> **WORK INSTRUCTIONS**: Copy nothing before the line that contains "Snapshot of amaliecd"; from there, transcribe each line exactly through the end of the material, omitting pictures.

> **INPUT DATA**:
******************************

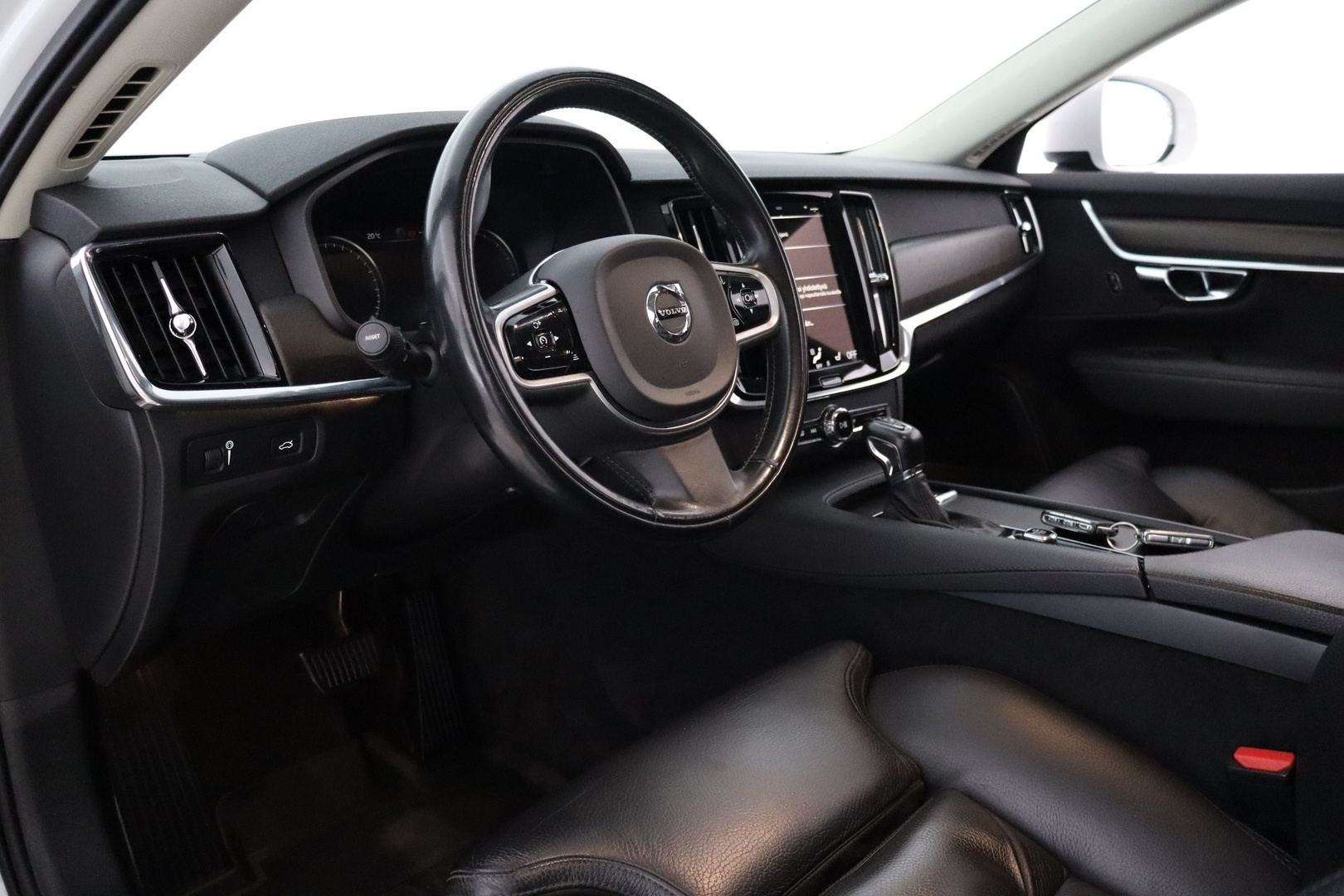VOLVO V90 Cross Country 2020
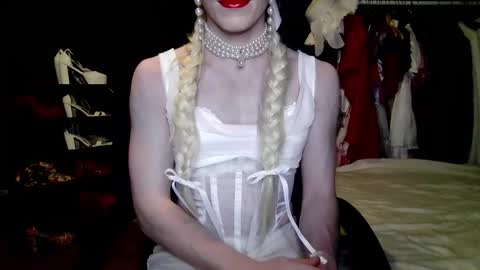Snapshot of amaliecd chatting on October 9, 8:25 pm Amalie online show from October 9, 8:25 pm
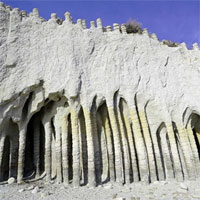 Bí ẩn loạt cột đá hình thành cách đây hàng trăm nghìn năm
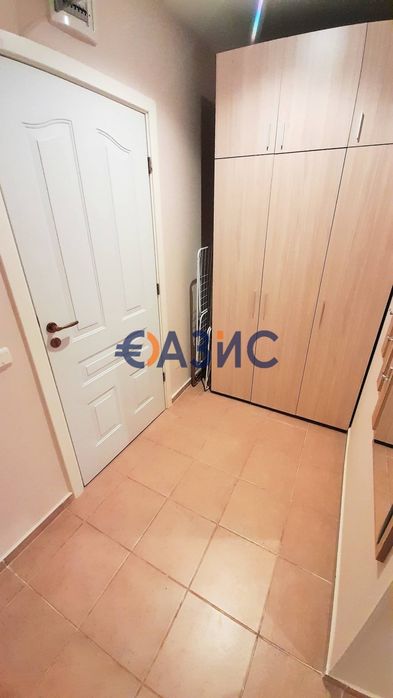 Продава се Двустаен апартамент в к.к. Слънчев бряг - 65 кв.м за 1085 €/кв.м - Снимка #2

******************************

> **ANSWER BELOW**:
Snapshot of amaliecd chatting on October 9, 8:25 pm Amalie online show from October 9, 8:25 pm
 Bí ẩn loạt cột đá hình thành cách đây hàng trăm nghìn năm
 Продава се Двустаен апартамент в к.к. Слънчев бряг - 65 кв.м за 1085 €/кв.м - Снимка #2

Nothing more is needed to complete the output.